TO DO »
At the line containing "Hi, welcome back", begin an exact copy, and continue through the last line of the entries below. Leave out any pictures.

(Items from a data source)
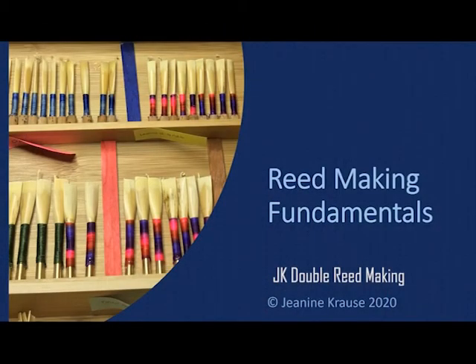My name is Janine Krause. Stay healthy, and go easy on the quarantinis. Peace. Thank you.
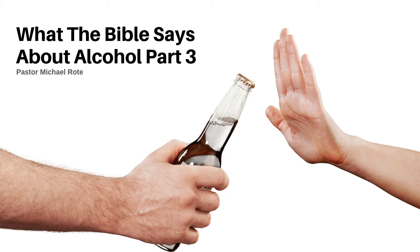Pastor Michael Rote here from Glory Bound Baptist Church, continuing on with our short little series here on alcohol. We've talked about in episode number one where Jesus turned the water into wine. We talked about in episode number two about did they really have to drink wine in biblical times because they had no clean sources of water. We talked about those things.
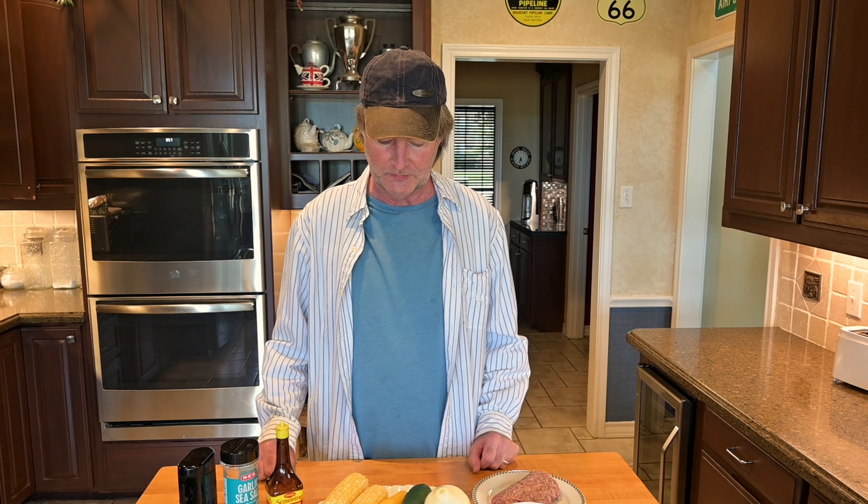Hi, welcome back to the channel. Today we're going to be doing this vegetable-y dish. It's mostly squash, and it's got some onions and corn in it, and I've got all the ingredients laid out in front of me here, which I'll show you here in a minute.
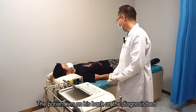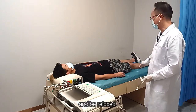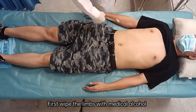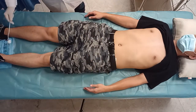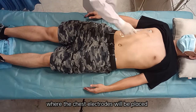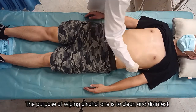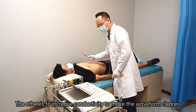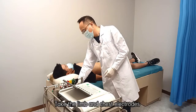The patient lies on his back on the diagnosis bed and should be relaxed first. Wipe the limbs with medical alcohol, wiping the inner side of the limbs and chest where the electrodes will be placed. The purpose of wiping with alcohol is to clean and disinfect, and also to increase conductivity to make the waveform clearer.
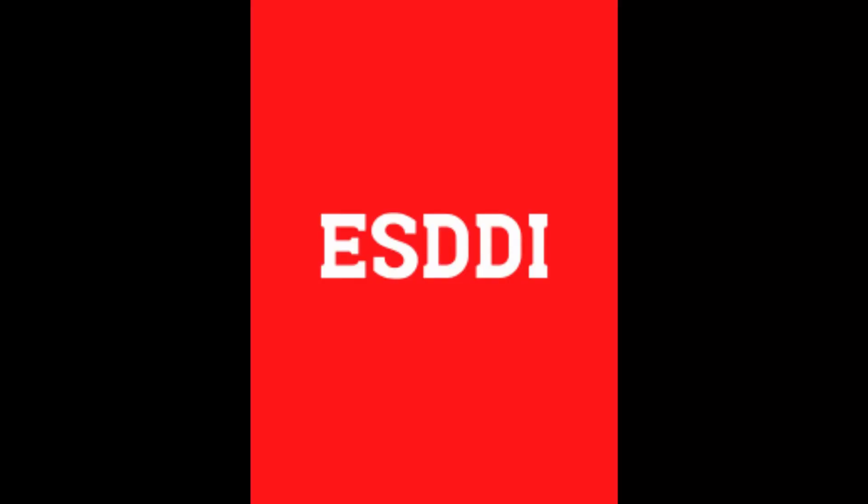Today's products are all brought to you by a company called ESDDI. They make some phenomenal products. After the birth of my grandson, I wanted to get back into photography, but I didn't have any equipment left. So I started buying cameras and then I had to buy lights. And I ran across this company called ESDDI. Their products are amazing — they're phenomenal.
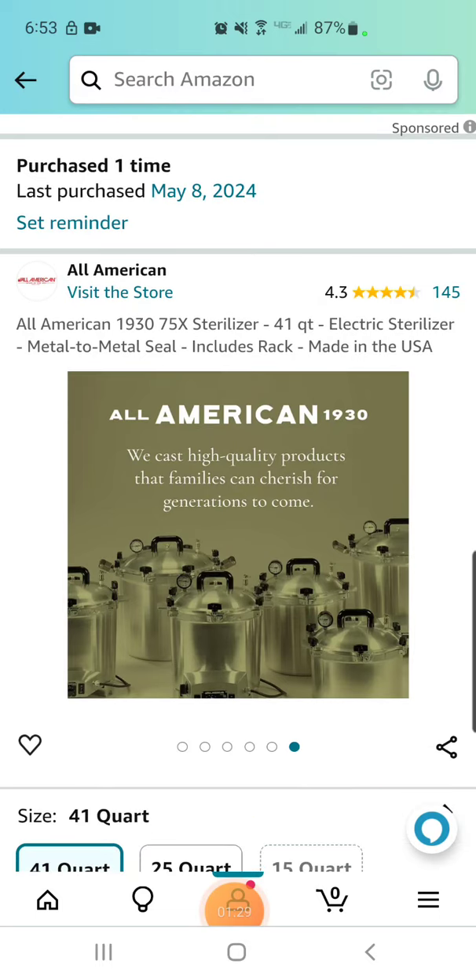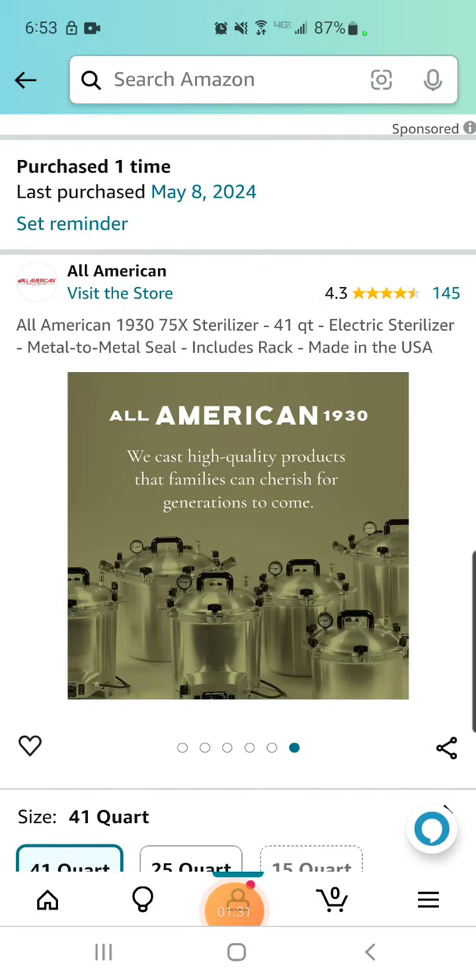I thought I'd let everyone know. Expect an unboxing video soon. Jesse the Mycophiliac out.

REPLY TO THE EXERCISE »
Hi, welcome back to the channel. Today we're going to be doing this vegetable-y dish. It's mostly squash, and it's got some onions and corn in it, and I've got all the ingredients laid out in front of me here, which I'll show you here in a minute.
The patient lies on his back on the diagnosis bed and should be relaxed first. Wipe the limbs with medical alcohol, wiping the inner side of the limbs and chest where the electrodes will be placed. The purpose of wiping with alcohol is to clean and disinfect, and also to increase conductivity to make the waveform clearer.
Today's products are all brought to you by a company called ESDDI. They make some phenomenal products. After the birth of my grandson, I wanted to get back into photography, but I didn't have any equipment left. So I started buying cameras and then I had to buy lights. And I ran across this company called ESDDI. Their products are amazing — they're phenomenal.
I thought I'd let everyone know. Expect an unboxing video soon. Jesse the Mycophiliac out.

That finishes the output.